安藤優一郎氏のプロフィール
日本の歴史学者。専門は日本近世史(都市史)。
1965年生まれ。千葉県出身。
早稲田大学教育学部卒業。同大学院文学研究科博士課程満期退学。
1999年「寛政改革期の都市政策-江戸の米価安定と飯米確保」で早大文学博士。
国立歴史民俗博物館特別共同利用研究員、徳川林政史研究所研究協力員、新宿区史編纂員、早稲田大学講師、御蔵島島史編纂委員などを務める。
江戸をテーマに執筆・講演活動を展開。
安藤優一郎氏 オフィシャルサイト:http://www.yu-andoh.net/
2015年から「お江戸日本橋伝承会」配信分に毎月コラムを掲載。
配信していたコラムを年毎に「安藤優一郎氏の江戸歳時記」としてまとめてあります。
2017年は「江戸の食文化」の歳時記です。
2017.01【江戸のおせち】
2017.02【江戸の稲荷寿司】
2017.03【江戸の白酒】
2017.04【江戸の花見弁当】
2017.05【江戸の柏餅】
2017.06【江戸の初鰹】
2017.07【江戸のうなぎ】
2017.08【江戸の西瓜】
2017.09【江戸の梨】
2017.10【江戸の薩摩芋】
2017.11【江戸の蜜柑】
2017.12【江戸の大根】
2017.01【江戸のおせち】
おせち料理の予約がはじまると、新年が間近に迫っていることを感じますが、元々はお正月限定の料理ではありませんでした。

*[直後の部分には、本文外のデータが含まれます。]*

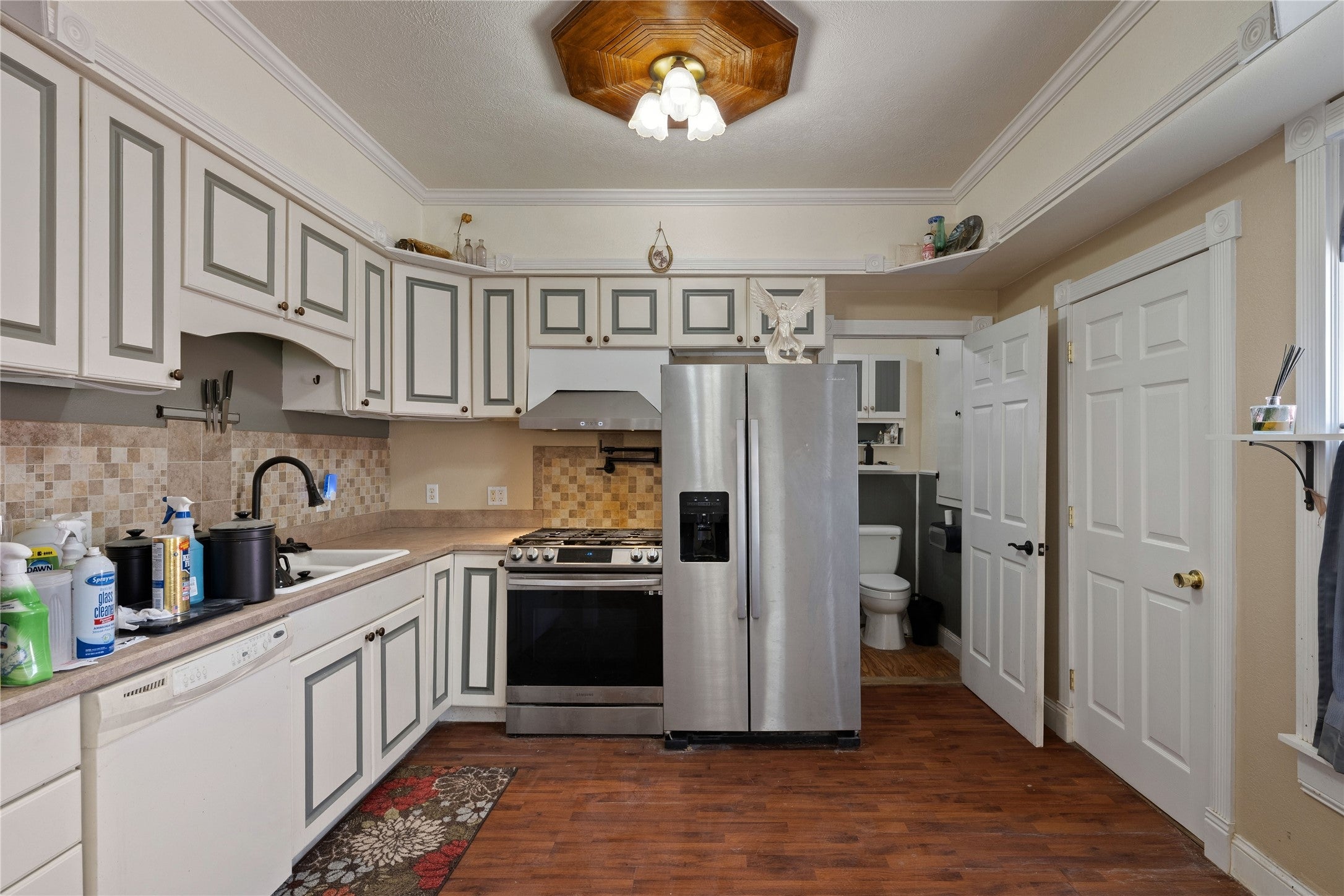 318 W 8th Street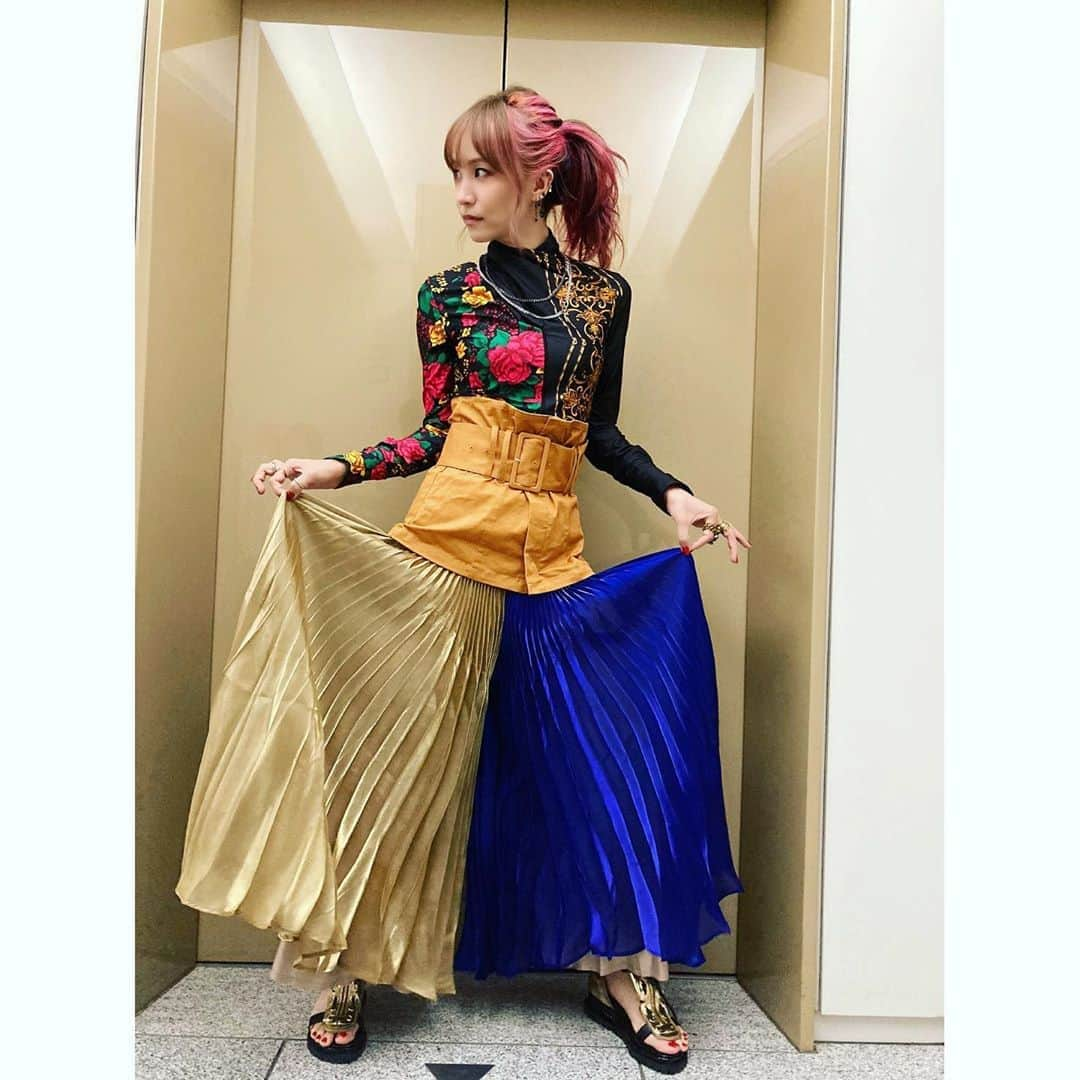 LiSAさんのインスタグラム写真 - (LiSAInstagram)「アニメイトタイムズさんでお話させていただきました☻前半☻ いよいよ来週発売ですっ🦁🔥  #りさふく　#くばちゃまコーデ　#TOGA #UN3D #sacai  【WEB】アニメ情報ニュースサイト「アニメイトタイムズ」にて、LiSAニューアルバム「LEO-NiNE」とニューシングル「炎」発売記念インタビューを掲載いただきました！ 是非チェックしてください！  https://www.animatetimes.com/news/details.php?id=1601964219&pagemode=amp#click=https://t.co/zNqk6IhCx5  #LiSA #レオナイン #炎 #アニメイトタイムズ」10月6日 20時09分 - xlisa_olivex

季節の変わり目である節句に神様に供えた料理が、総じておせち料理と呼ばれました。
ところが、お正月が一年で一番の季節の変わり目であることから、正月に神様に供えた料理に限定して呼ばれるようになったのです。そもそも、正月にやって来る年神様にお供えするものであり、神饌でした。神棚から下げた上で食べるのが本来の姿でした。
現在もおせち料理は重箱に詰められますが、これは江戸時代にはじまったと伝えられています。四段重ねの重箱の場合、一の重に数の子、二の重に胡麻和えのたたき牛蒡、三の重に鮒昆布巻、四の重には黒煮豆を詰めるのが定番だったようです。
2017.02【江戸の稲荷寿司】
現在、二月の風物詩と言えば節分の豆まきですが、江戸の二月といえば、何と言っても最初の午の日に執り行われた初午の行事でした。この日、全国の稲荷社では豊作や商売繁盛などを祈願するお祭りが執り行われるのが習いでした。小豆飯と辛子菜の味噌和えを稲荷に供え、お祭りが終わると、みんなで食べたのです。
稲荷にまつわる食べ物と言うと、一番に稲荷寿司が思い浮かびますが、稲荷寿司が売られるようになったのは今から百七十年ほど前の天保末期のことと伝えられています。油揚げの一方を割いて袋形にした上で、刻んだ椎茸や干瓢などを混ぜた飯を入れ、寿司として売ったのがはじまりと言います。現在と同じです。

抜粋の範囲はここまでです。